Na Câmara de Vereadores, tramita desde abril deste ano um projeto de lei do vereador Paulo Pinheiro (PSOL). De acordo com o vereador, a intenção é que logo na volta do recesso, em agosto, o texto entre em regime de urgência na Casa.
– O Termo de Compromisso é importante, mas acreditamos que é vital ter uma lei aprovada pelo Legislativo, por ser mais permanente. Queremos que ela tramite em regime de urgência, e que sejam inseridas algumas emendas para tornar o projeto ainda melhor – afirma Pinheiro. – Acredito que o projeto será aprovado, e o vereador que quiser pode entrar de co-autor do projeto. Seria um grande sucesso se tivéssemos um projeto com 51 co-autores (a totalidade da Câmara).

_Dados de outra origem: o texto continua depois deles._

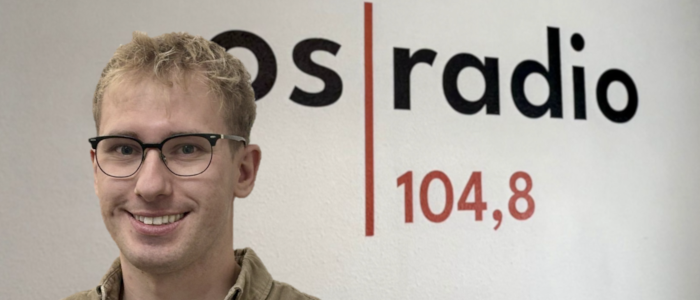 Hinnerk_vor_neuem_Logo_kl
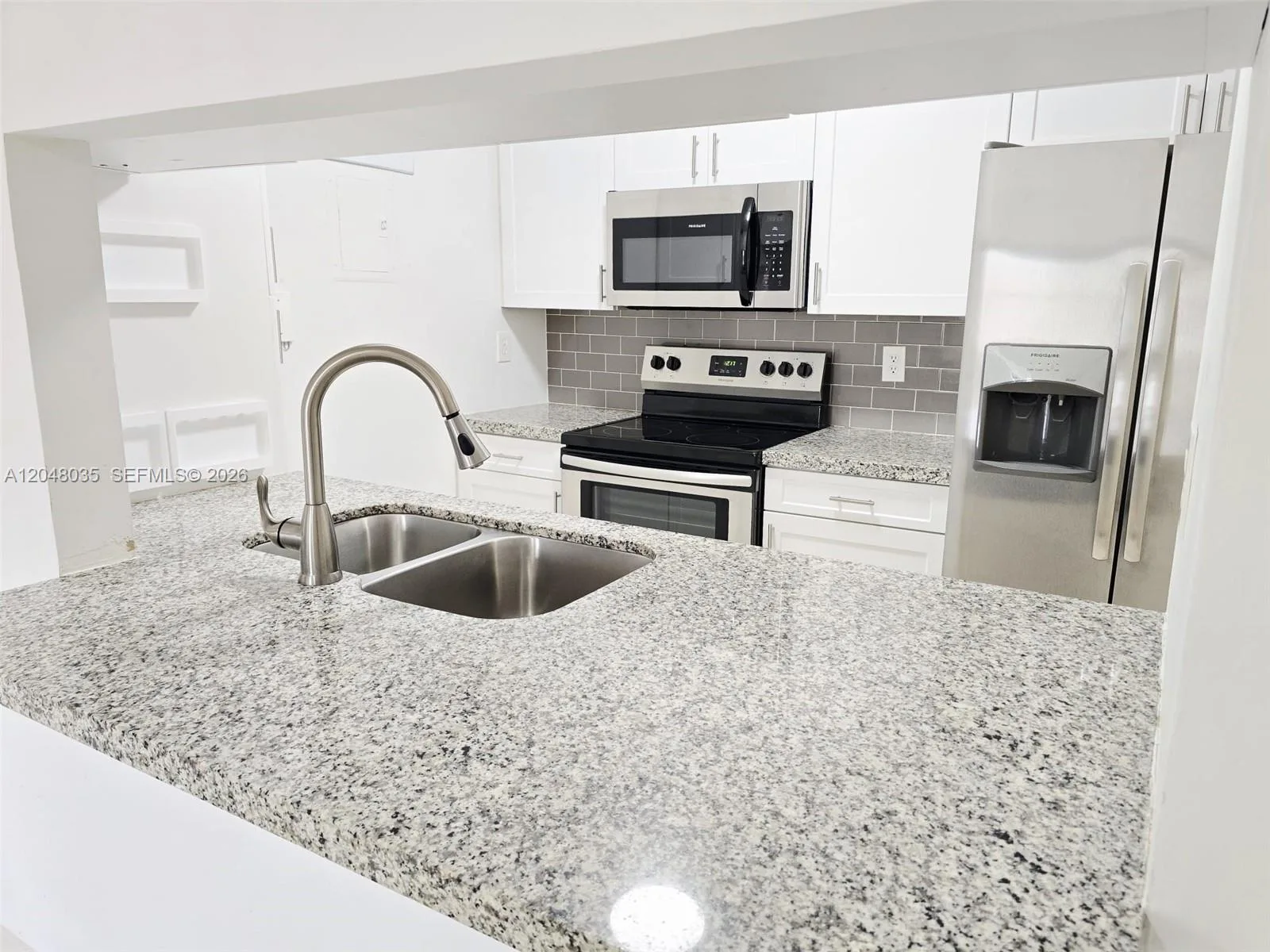 8877 Fontainebleau Blvd # 202, Miami, FL 33172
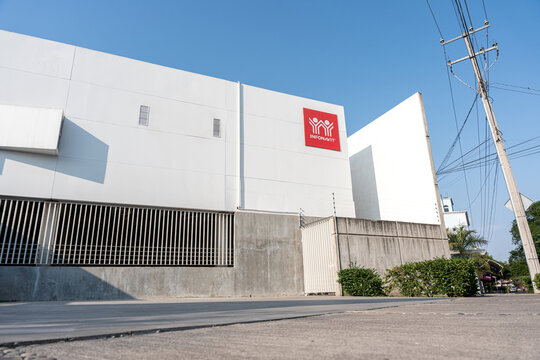 Facade of the Instituto del Fondo Nacional de la Vivienda para los Trabajadores, INFONAVIT, a public tripartite organization in Mexico. Guadalajara, Jalisco, Mexico, May 23, 2025.
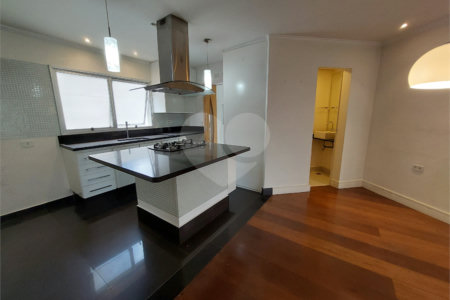 Apartamento à venda com 2 suítes em Vila Gertrudes, São Paulo, SP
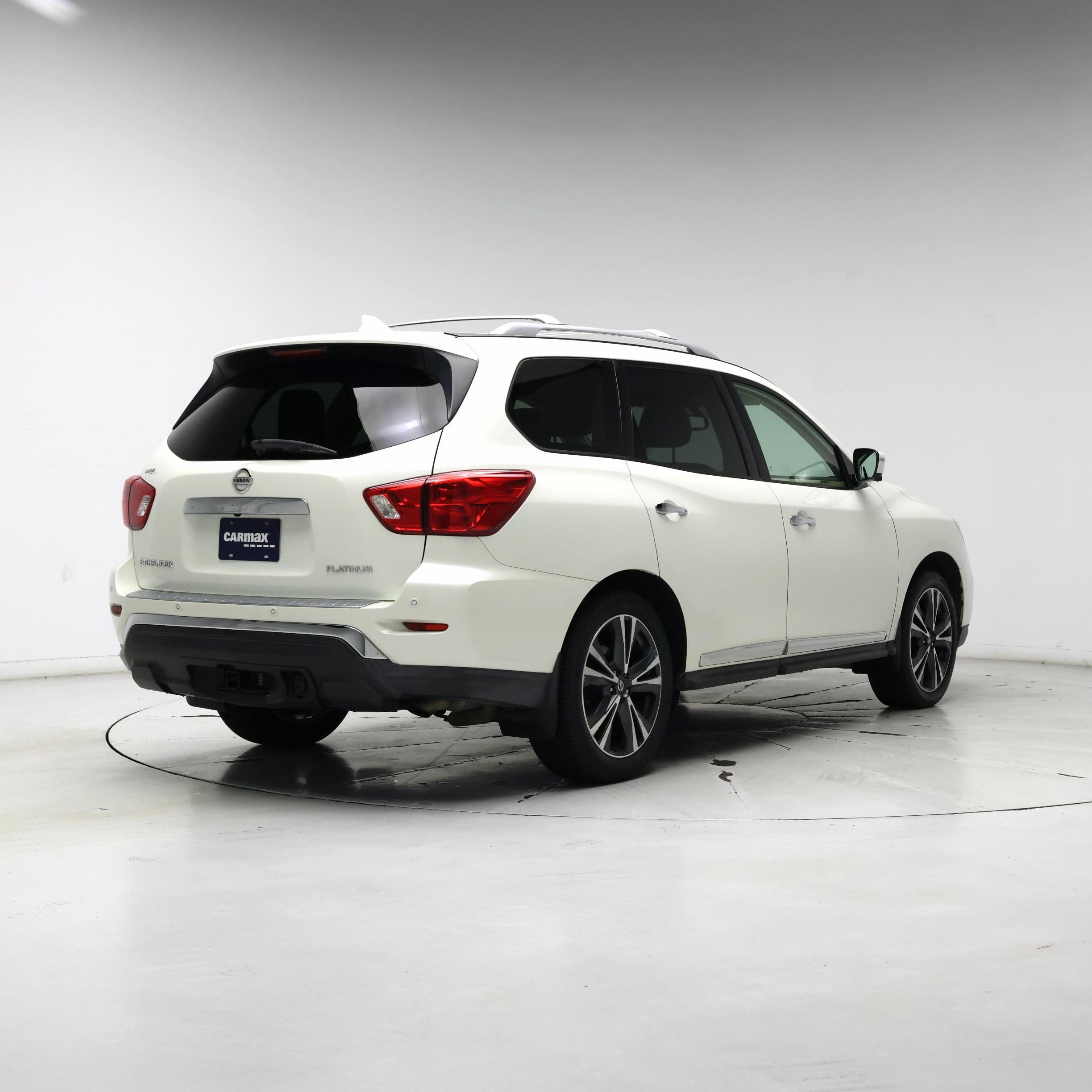 Thumbnail: 2020 Nissan Pathfinder - 8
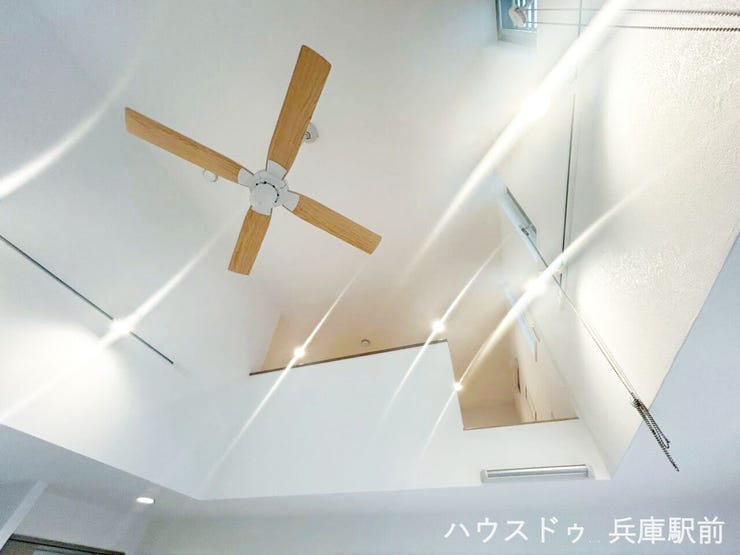 ◇吹抜けが生み出す圧倒的な開放感。シーリングファンや高窓を備え、明るさと風通しの良さを兼ね備えた、ワンランク上のリビング空間です。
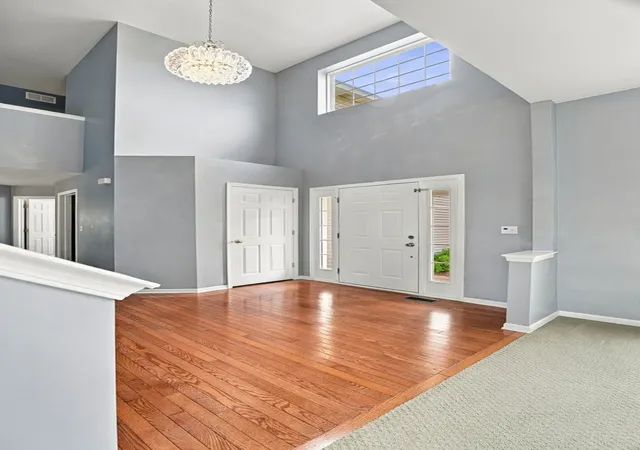 Photo 4 of Single family home for sale at 6900 Twin Fls Dr, Plainfield, IL 60586 | MLS# 12759773 | Listing updated on 2026-09-24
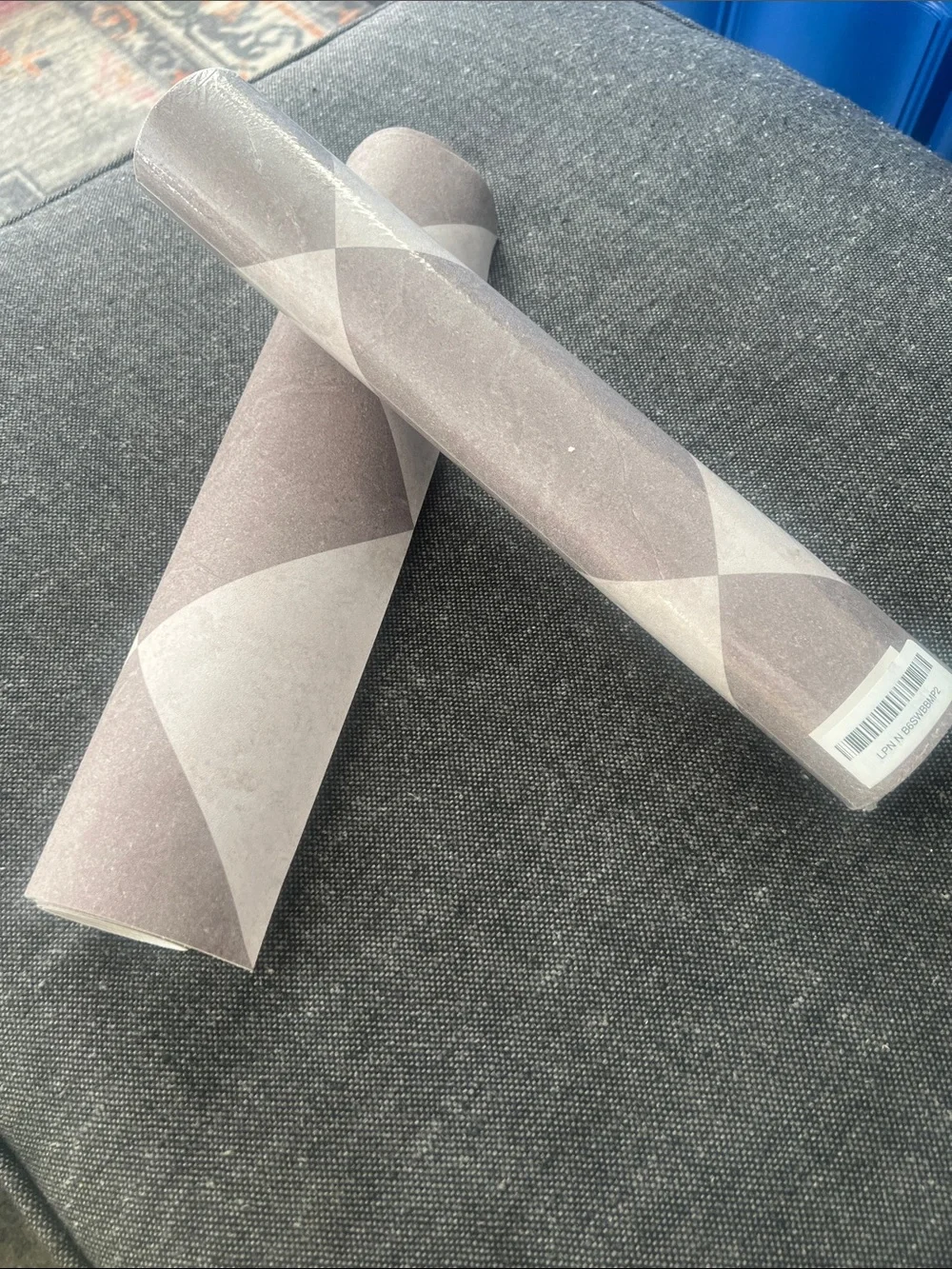 2 rolls. Peel and Stick Vinyl flooring/ decor or drawer liners (nwt)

Em nota a prefeitura informou que “a Secretaria Municipal de Saúde recebeu do Ministério Público as propostas de mudanças no Sisreg, que estão sendo analisadas pela equipe técnica. A SMS reforça que prima pela transparência dos processos e serviços.” Até o momento, porém, não informou quantas pessoas aguardam na fila de atendimento do Sisreg.